Mainstage, 13.25 Uhr - Beborn Beton:
Mit "Beborn Beton" konnte ein weiteres, spannendes Projekt für das Line-Up gewonnen werden. Im Bereich Synthpop / EBM angesiedelt, erzielt das Trio schon seit den frühen Neunzigern große Erfolge in und über die Szene hinaus. Mit eingängigen Songs mit viel tanzbarem Potential, begeistern die Musiker schon viele Jahre. Und auch beim Blackfield Festival treten die Musiker zum Beweis an. Von vielen Gästen im Vorfeld gespannt erwartet, geben sie sich heute die Ehre. Die Ruhrgebietler Michael B. Wagner, Stefan Tillmann und Stefan Netschio spielen an diesem Mittag Neues und Altes. Erfolgssongs wie "Torture" und "Another World", treffen auf Aktuelles. Nach längerer Pause steht außerdem ein neues Album an, "A Worthy Compensation" getauft. Und als besondere Premiere, auf einem besonderen Festival, gibt es exklusiv auf dem Blackfield einige neue, unveröffentlichte Titel vorab zu hören. Zur Freude des gespannten Publikums zünden diese nahezu sofort und auch der Band ist die Freude nach längerer Abstinenz deutlich anzusehen. "Mantrap", "Im Inneren Einer Frau" und "The Colour Of Love" wissen zu fesseln, die Performance ist sicher und gelungen. Nach einer viel zu kurzen Spielzeit beendet die Band ihr Set und erntet verdienter Weise einen Jubelsturm nach dem anderen vom Publikum. "Beborn Beton" sind zurück.

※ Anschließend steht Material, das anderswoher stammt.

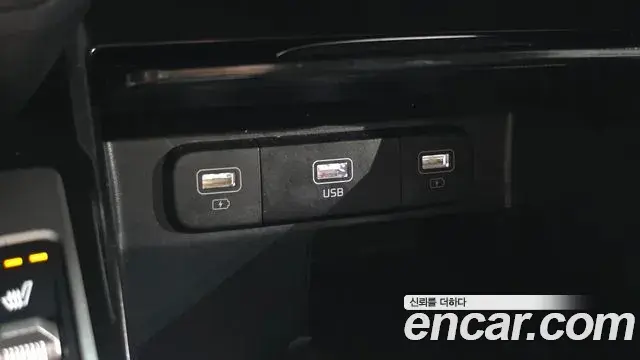 Kia Sorento 2022 — Photo 19/20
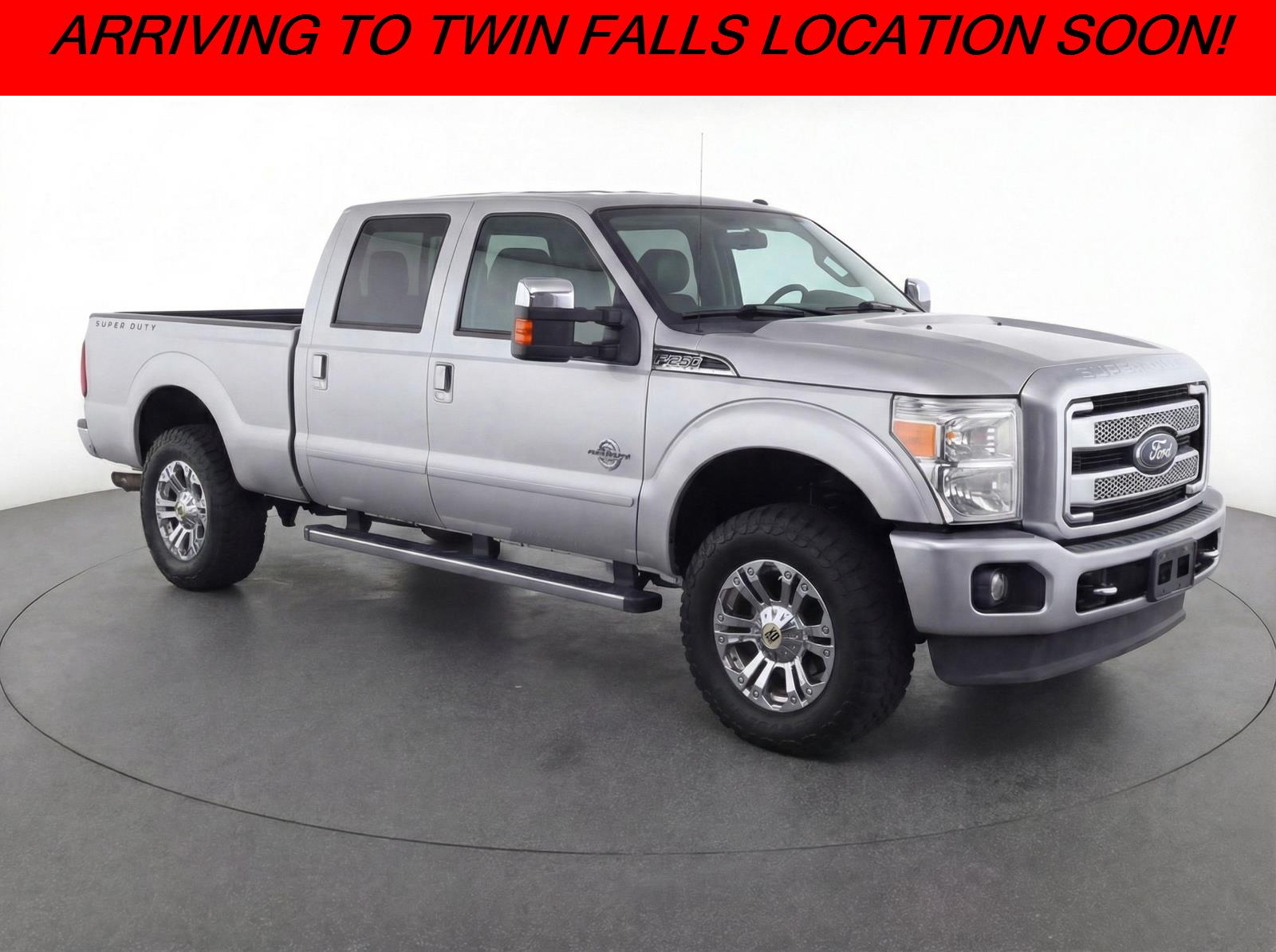 Ingot Silver Metallic/Magnetic 2016 Ford F-250 Super Duty Lariat Crew Cab 4WD Pickup Truck Four-Wheel Drive 6-Speed Automatic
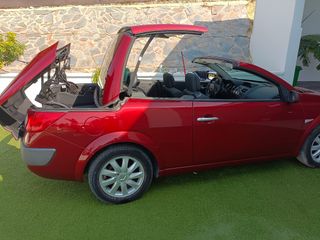 Renault Megane coupé 1600cc, año  2008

Mainstage, 14.30 Uhr - Clan Of Xymox:
Gerade bei dieser Ausgabe des Blackfield Festivals, stehen viele Lieblinge und Urgesteine der Szene auf der Bühne. Die nächste Band bringen auch einige Jahre der Studio- und Live-Erfahrung mit, sind sie doch quasi alte Hasen. Für den Sonntag Mittag sind "Clan Of Xymox" eingeplant und wer diese Band kennt, weiß was nun folgt. Show und Musik in bester, herrlicher Oldschool-Manier, die 80er Jahre des Goth-Rocks leben wieder auf. Und viele hier scheinen die Holländer und ihre Werke noch immer zu kennen und zu schätzen, schauen doch viele der Anwesenden aufmerksam zur Bühne, als es endlich losgeht. Und pünktlich zur angegebenen Zeit, betritt die Band um Sänger Ronny Moorings ebenjene. Mit einem wahren Best Of-Feuerwerk an Hits und ihrer außergewöhnlich-besonderen Mischung aus Elektronik, Rock und Dark Wave, zelebrieren die Altmeister mit viel Herzblut den Geist vergangener Zeiten und transportieren diesen ins Hier und Jetzt. Die beiden Keyboarder Daniel Hoffmann und Sean Göbel sorgen für die richtige Atmosphäre, während verzerrte Töne von Mario Usai an der Gitarre und Mojca Zugna am Bass beigesteuert werden. Das hohe Maß an Kenntnis schlägt sich in absoluter Perfektion an den Instrumenten und im Umgang mit dem Publikum nieder. Unerschütterliche Klassiker wie "A Day", "Masquerade" und "Cry In The Wind", lassen die schwarzen Herzen in purer Nostalgie höher schlagen und auch neues Material vom 2014er Album "Matters Of Mind, Body And Soul" gibt es zu hören. Die Begeisterung auf beiden Seiten ist spürbar, es wird gefeiert und getanzt wie in alten Zeiten. Eine schwarze Party vom feinsten und ein äußerst gelungener, sympathischer Auftritt an diesem Tag. Goth lebt!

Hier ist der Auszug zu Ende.